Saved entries
* * *

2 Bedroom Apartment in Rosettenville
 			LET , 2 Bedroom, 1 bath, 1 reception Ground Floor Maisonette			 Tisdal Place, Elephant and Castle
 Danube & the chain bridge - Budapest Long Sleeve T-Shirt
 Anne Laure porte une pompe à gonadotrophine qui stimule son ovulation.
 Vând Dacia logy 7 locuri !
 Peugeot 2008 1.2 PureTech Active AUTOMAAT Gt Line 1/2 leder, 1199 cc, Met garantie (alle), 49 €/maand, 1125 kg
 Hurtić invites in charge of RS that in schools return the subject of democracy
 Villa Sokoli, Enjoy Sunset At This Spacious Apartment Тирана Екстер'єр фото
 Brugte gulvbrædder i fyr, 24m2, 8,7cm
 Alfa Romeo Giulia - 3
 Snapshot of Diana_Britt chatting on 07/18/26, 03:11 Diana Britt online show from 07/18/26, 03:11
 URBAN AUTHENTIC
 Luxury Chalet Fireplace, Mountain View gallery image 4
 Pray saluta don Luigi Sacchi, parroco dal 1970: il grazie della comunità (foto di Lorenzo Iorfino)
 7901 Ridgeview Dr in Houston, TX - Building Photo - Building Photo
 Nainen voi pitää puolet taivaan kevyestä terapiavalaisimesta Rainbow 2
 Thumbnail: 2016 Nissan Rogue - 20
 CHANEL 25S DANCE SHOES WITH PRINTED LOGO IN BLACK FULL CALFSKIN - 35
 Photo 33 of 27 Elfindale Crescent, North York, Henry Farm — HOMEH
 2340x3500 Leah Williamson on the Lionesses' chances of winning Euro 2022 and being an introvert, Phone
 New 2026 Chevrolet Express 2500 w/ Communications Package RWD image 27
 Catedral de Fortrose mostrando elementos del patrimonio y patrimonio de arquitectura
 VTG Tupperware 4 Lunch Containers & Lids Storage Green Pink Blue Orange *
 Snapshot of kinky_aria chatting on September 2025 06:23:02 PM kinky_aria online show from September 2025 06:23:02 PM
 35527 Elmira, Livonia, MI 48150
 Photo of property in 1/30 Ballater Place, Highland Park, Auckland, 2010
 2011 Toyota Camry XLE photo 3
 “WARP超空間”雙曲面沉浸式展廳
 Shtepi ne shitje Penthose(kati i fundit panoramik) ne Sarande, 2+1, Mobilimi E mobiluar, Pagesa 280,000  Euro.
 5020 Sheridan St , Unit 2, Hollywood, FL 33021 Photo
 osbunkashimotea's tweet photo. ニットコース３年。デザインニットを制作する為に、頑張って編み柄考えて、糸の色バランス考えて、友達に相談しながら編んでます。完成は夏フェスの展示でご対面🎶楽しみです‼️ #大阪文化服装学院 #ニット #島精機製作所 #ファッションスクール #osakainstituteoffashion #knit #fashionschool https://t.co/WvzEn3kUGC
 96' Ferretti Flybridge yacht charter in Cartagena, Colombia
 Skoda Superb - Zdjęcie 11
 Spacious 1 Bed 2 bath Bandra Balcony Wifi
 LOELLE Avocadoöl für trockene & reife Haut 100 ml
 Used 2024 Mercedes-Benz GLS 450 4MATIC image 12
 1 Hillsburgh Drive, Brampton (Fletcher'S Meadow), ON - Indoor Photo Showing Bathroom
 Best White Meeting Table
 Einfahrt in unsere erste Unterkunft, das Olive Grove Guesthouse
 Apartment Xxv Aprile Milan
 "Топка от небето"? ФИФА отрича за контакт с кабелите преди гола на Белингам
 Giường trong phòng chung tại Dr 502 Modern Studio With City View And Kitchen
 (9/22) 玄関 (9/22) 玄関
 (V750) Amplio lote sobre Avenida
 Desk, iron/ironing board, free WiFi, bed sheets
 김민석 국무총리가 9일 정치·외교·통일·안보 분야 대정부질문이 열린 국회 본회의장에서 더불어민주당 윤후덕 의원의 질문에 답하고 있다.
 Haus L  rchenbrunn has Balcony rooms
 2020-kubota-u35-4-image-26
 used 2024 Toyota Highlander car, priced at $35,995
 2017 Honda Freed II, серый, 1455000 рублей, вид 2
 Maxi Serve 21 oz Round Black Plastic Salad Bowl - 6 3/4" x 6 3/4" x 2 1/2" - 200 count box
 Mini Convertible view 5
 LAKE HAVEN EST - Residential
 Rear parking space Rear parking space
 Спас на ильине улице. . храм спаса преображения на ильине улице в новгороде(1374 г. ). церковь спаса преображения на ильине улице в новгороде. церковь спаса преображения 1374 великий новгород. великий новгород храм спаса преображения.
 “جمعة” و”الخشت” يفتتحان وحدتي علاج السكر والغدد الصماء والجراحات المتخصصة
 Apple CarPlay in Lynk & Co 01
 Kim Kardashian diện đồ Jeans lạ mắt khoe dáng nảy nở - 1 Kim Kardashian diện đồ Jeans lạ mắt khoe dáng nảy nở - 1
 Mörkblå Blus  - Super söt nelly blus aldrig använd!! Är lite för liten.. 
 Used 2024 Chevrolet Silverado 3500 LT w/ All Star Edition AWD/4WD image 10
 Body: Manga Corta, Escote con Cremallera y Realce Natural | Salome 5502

* * *

◆ **Task requirements**
All lines above should be output verbatim.

◆ **Your response**
2 Bedroom Apartment in Rosettenville
 			LET , 2 Bedroom, 1 bath, 1 reception Ground Floor Maisonette			 Tisdal Place, Elephant and Castle
 Danube & the chain bridge - Budapest Long Sleeve T-Shirt
 Anne Laure porte une pompe à gonadotrophine qui stimule son ovulation.
 Vând Dacia logy 7 locuri !
 Peugeot 2008 1.2 PureTech Active AUTOMAAT Gt Line 1/2 leder, 1199 cc, Met garantie (alle), 49 €/maand, 1125 kg
 Hurtić invites in charge of RS that in schools return the subject of democracy
 Villa Sokoli, Enjoy Sunset At This Spacious Apartment Тирана Екстер'єр фото
 Brugte gulvbrædder i fyr, 24m2, 8,7cm
 Alfa Romeo Giulia - 3
 Snapshot of Diana_Britt chatting on 07/18/26, 03:11 Diana Britt online show from 07/18/26, 03:11
 URBAN AUTHENTIC
 Luxury Chalet Fireplace, Mountain View gallery image 4
 Pray saluta don Luigi Sacchi, parroco dal 1970: il grazie della comunità (foto di Lorenzo Iorfino)
 7901 Ridgeview Dr in Houston, TX - Building Photo - Building Photo
 Nainen voi pitää puolet taivaan kevyestä terapiavalaisimesta Rainbow 2
 Thumbnail: 2016 Nissan Rogue - 20
 CHANEL 25S DANCE SHOES WITH PRINTED LOGO IN BLACK FULL CALFSKIN - 35
 Photo 33 of 27 Elfindale Crescent, North York, Henry Farm — HOMEH
 2340x3500 Leah Williamson on the Lionesses' chances of winning Euro 2022 and being an introvert, Phone
 New 2026 Chevrolet Express 2500 w/ Communications Package RWD image 27
 Catedral de Fortrose mostrando elementos del patrimonio y patrimonio de arquitectura
 VTG Tupperware 4 Lunch Containers & Lids Storage Green Pink Blue Orange *
 Snapshot of kinky_aria chatting on September 2025 06:23:02 PM kinky_aria online show from September 2025 06:23:02 PM
 35527 Elmira, Livonia, MI 48150
 Photo of property in 1/30 Ballater Place, Highland Park, Auckland, 2010
 2011 Toyota Camry XLE photo 3
 “WARP超空間”雙曲面沉浸式展廳
 Shtepi ne shitje Penthose(kati i fundit panoramik) ne Sarande, 2+1, Mobilimi E mobiluar, Pagesa 280,000  Euro.
 5020 Sheridan St , Unit 2, Hollywood, FL 33021 Photo
 osbunkashimotea's tweet photo. ニットコース３年。デザインニットを制作する為に、頑張って編み柄考えて、糸の色バランス考えて、友達に相談しながら編んでます。完成は夏フェスの展示でご対面🎶楽しみです‼️ #大阪文化服装学院 #ニット #島精機製作所 #ファッションスクール #osakainstituteoffashion #knit #fashionschool https://t.co/WvzEn3kUGC
 96' Ferretti Flybridge yacht charter in Cartagena, Colombia
 Skoda Superb - Zdjęcie 11
 Spacious 1 Bed 2 bath Bandra Balcony Wifi
 LOELLE Avocadoöl für trockene & reife Haut 100 ml
 Used 2024 Mercedes-Benz GLS 450 4MATIC image 12
 1 Hillsburgh Drive, Brampton (Fletcher'S Meadow), ON - Indoor Photo Showing Bathroom
 Best White Meeting Table
 Einfahrt in unsere erste Unterkunft, das Olive Grove Guesthouse
 Apartment Xxv Aprile Milan
 "Топка от небето"? ФИФА отрича за контакт с кабелите преди гола на Белингам
 Giường trong phòng chung tại Dr 502 Modern Studio With City View And Kitchen
 (9/22) 玄関 (9/22) 玄関
 (V750) Amplio lote sobre Avenida
 Desk, iron/ironing board, free WiFi, bed sheets
 김민석 국무총리가 9일 정치·외교·통일·안보 분야 대정부질문이 열린 국회 본회의장에서 더불어민주당 윤후덕 의원의 질문에 답하고 있다.
 Haus L  rchenbrunn has Balcony rooms
 2020-kubota-u35-4-image-26
 used 2024 Toyota Highlander car, priced at $35,995
 2017 Honda Freed II, серый, 1455000 рублей, вид 2
 Maxi Serve 21 oz Round Black Plastic Salad Bowl - 6 3/4" x 6 3/4" x 2 1/2" - 200 count box
 Mini Convertible view 5
 LAKE HAVEN EST - Residential
 Rear parking space Rear parking space
 Спас на ильине улице. . храм спаса преображения на ильине улице в новгороде(1374 г. ). церковь спаса преображения на ильине улице в новгороде. церковь спаса преображения 1374 великий новгород. великий новгород храм спаса преображения.
 “جمعة” و”الخشت” يفتتحان وحدتي علاج السكر والغدد الصماء والجراحات المتخصصة
 Apple CarPlay in Lynk & Co 01
 Kim Kardashian diện đồ Jeans lạ mắt khoe dáng nảy nở - 1 Kim Kardashian diện đồ Jeans lạ mắt khoe dáng nảy nở - 1
 Mörkblå Blus  - Super söt nelly blus aldrig använd!! Är lite för liten.. 
 Used 2024 Chevrolet Silverado 3500 LT w/ All Star Edition AWD/4WD image 10
 Body: Manga Corta, Escote con Cremallera y Realce Natural | Salome 5502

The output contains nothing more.